Melia membelalak kaget. Bagaimana bisa suaminya semudah itu berkata. Apakah dia tidak memikirkan perasaan Melia. Melia seorang wanita, wanita mana yang rela suaminya mendua? Dasar lelaki gila!
"Pa, kamu enggak berpikir bagaimana perasaanku?" tanya Melia. Matanya mulai berkaca-kaca.
"Aku yakin kamu sanggup, Ma. Aku janji akan adil. Aku akan membagi waktu dengan kalian sama rata. Juga gajiku, aku tidak akan menelantarkan anak-anak. Kebutuhanmu dan anak-anak akan tetap kupenuhi. Aku ini tidak minta cerai. Hanya minta ijin menikah lagi," jelas Herdian panjang lebar.
"Istri mana yang rela suaminya menikah lagi, Pa? Aku bukan Khadijah, Aisyah atau siapa pun istri Nabi yang lain. Aku tidak akan rela suamiku menikah lagi," tolak Melia. Dadanya sesak melihat tingkah suaminya itu.
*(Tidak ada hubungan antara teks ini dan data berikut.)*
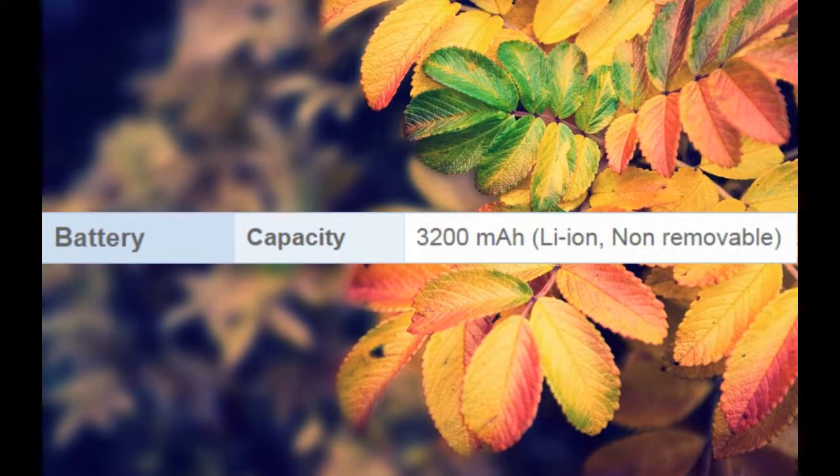Battery Capacity: 3,200 mAh, Li-Ion, Non-Removable.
"Kamu tidak ingat dulu, Ma! Aku sudah menyelamatkan muka keluargamu dengan menikahi kamu yang tengah berbadan dua. Sekarang, aku menuntut pengertianmu. Aku ini lelaki, punya kebutuhan!" tegas Herdian.
"Memangnya aku enggak sanggup memenuhi kebutuhanmu, Pa? Setiap kamu minta aku selalu berikan! Sampai anak empat pun, aku selalu bersedia jika kamu minta!" balas Melia. "Kurang apa aku, Pa? Sebagai ibu beranak empat aku juga selalu marawat diriku!" lanjutnya.
"Aku butuh variasi, Ma. Aku butuh sensasi bercinta dengan orang yang berbeda! Daripada aku jajan atau berzina! Lebih baik aku menikah lagikan? Lagipula aku minta izin karena aku menghormatimu! Coba lelaki lain di luar sana mereka mau menikah ya menikah aja. Mana ada yang ijin-ijin segala!" seru Herdian berang.
Melia membelalakkan matanya tak percaya. Jadi begini rasanya menghadapi seorang lelaki yang tak lagi sanggup menundukkan pandangan dan menahan syahwatnya? Bagaimana bisa? Seenteng itu dia berkata akan menikah lagi dan Melia harus setuju?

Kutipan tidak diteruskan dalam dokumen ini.